【2018學術報告04】A Bayesian Approach to Deep Neural Network Adaptation with Applications to Robust Automatic Speech Recognition
Title: A Bayesian Approach to Deep Neural Network Adaptation with Applications to Robust Automatic Speech Recognition
Speaker: Chin-Hui Lee, Professor, School of Electrical and Computer Engineering, Georgia Institute of Technology
Time: 10:00-12:00, 28th, May. (Mon.)
Place: 1-315, FIT Building
Organizer: Research Institute of Information Technology (RIIT), Tsinghua University
Chin-Hui Lee is a professor at School of Electrical and Computer Engineering, Georgia Institute of Technology. Before joining academia in 2001, he had accumulated 20 years of industrial experience ending in Bell Laboratories, Murray Hill, as a Distinguished Member of Technical Staff and Director of the Dialogue Systems Research Department. Dr. Lee is a Fellow of the IEEE and a Fellow of ISCA. He has published over 500 papers and patents, with more than 30,000 citations and an h-index of 75 on Google Scholar. He received numerous awards, including the Bell Labs President's Gold Award in 1998. He won the SPS's 2006 Technical Achievement Award for ``Exceptional Contributions to the Field of Automatic Speech Recognition''. In 2012 he gave an ICASSP plenary talk on the future of automatic speech recognition. In the same year he was awarded the ISCA Medal in scientific achievement for ``pioneering and seminal contributions to the principles and practice of automatic speech and speaker recognition''.

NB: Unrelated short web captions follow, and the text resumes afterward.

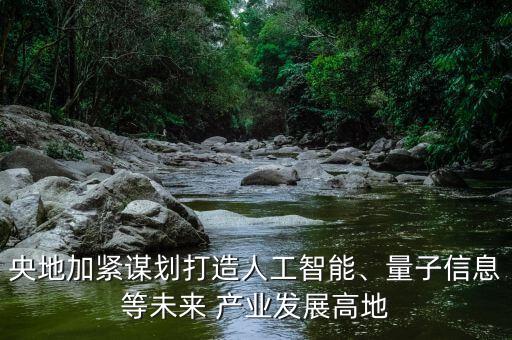 央地加緊謀劃打造人工智能、量子信息等未來(lái) 產(chǎn)業(yè)發(fā)展高地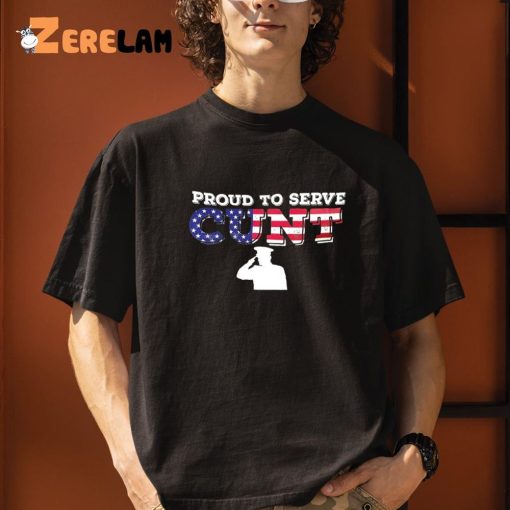 Proud To Serve Cunt Shirt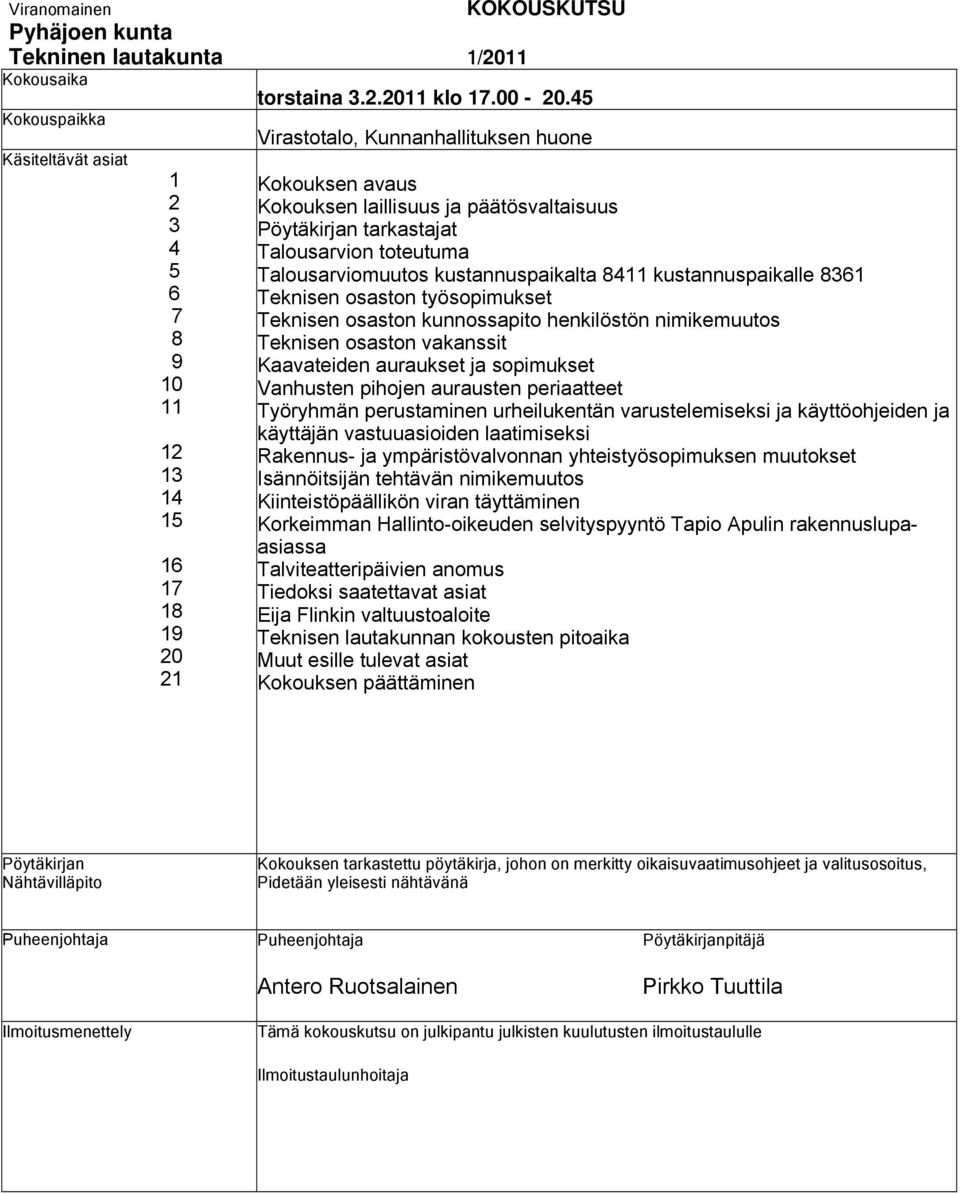 Talousarviomuutos kustannuspaikalta 8411 kustannuspaikalle 8361 6 Teknisen osaston työsopimukset 7 Teknisen osaston kunnossapito henkilöstön nimikemuutos 8 Teknisen osaston vakanssit 9 10 11 12 13 14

The discriminative nature of deep neural networks (DNNs) makes adaptation using a small amount of data for a large number of DNN parameters quite challenging. This is also known as a catastrophic forgetting problem in DNN-based transfer learning. In this talk, we formulate a Bayesian framework to address this problem while maintaining its satisfactory theoretical properties. Leveraging upon the successes of Bayesian adaptation in GMM-HMM, we propose two completely different Bayesian formulations for DNN-HMM, called direct and indirect DNN adaptation. The former adds a prior term to any DNN-based learning objective function, and the latter utilizes a bottleneck layer to learn a GMM for each shared tied state at the outputs of a DNN. Tested on the WSJ and Switchboard tasks, we found that both MAP and structural MAP (SMAP) for speaker adaptation improves performances over the already-good speaker independent systems.